Adding a strong acid to buffer solution

[kevvyroo]

Homework Statement

I'm trying to find the pH change of adding 0.001 mol of HNO$_{}3$ to a buffer solution containing 0.24 M HF and 0.55 M NaF in 0.100 L.

K$_{}a$ = 3.5E-4 therefore pK$_{}a$=3.47

Homework Equations

pH=pK$_{}a$+log$_{}10$[base]/[acid]
(Henderson-Hasselbach equation)
and of course
-log$_{}10$(H$^{}+$)=pH

The Attempt at a Solution

I've tried an ICE table but my best guess for a solution was
0.01 M H+ (from HNO$_{}3$) react with the F$^{}-$ base ions to form HF.
.55 M( fluoride ions)-.01 M( hydronium)=.54 (final fluoride ions)
0.24 M (HF) + 0.01 M (HF produced from above reaction) = 0.25 M HF
So,
pH=3.47+log$_{}10$(.54/.25)
pH=3.80

The answer that is supposed to be correct is 3.79... is this just a sig figs error or did I mess up along the line because I needed exactly 3.79 to be the pH

Sorry if I did anything wrong, I'm new to this forum! (:

 

[Borek]

Don't use LaTeX just for subscripts - it doesn't work. It is better to either enter the expression entirely as LaTeX - so pK_a will look like $pK_a$ or to format it using [noparse][/noparse] and/or [noparse][/noparse] tags - so [noparse]HNO₃[/noparse] will become HNO₃.

Your approach is correct, just 3.47 is not correct enough.
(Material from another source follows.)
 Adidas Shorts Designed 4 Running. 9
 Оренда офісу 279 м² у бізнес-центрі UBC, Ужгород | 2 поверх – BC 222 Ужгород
Try to calculate

$$-log(3.5\times 10^{-4})+log(\frac {0.54}{0.25})$$

in one step, or at least without rounding down intermediate values.

Note, that 3.79 doesn't make much sense - neither concentrations nor Ka are given with accuracy high enough to justify giving answer with three significant digits. We often report calculation of pH with two decimal digits, but we rarely should.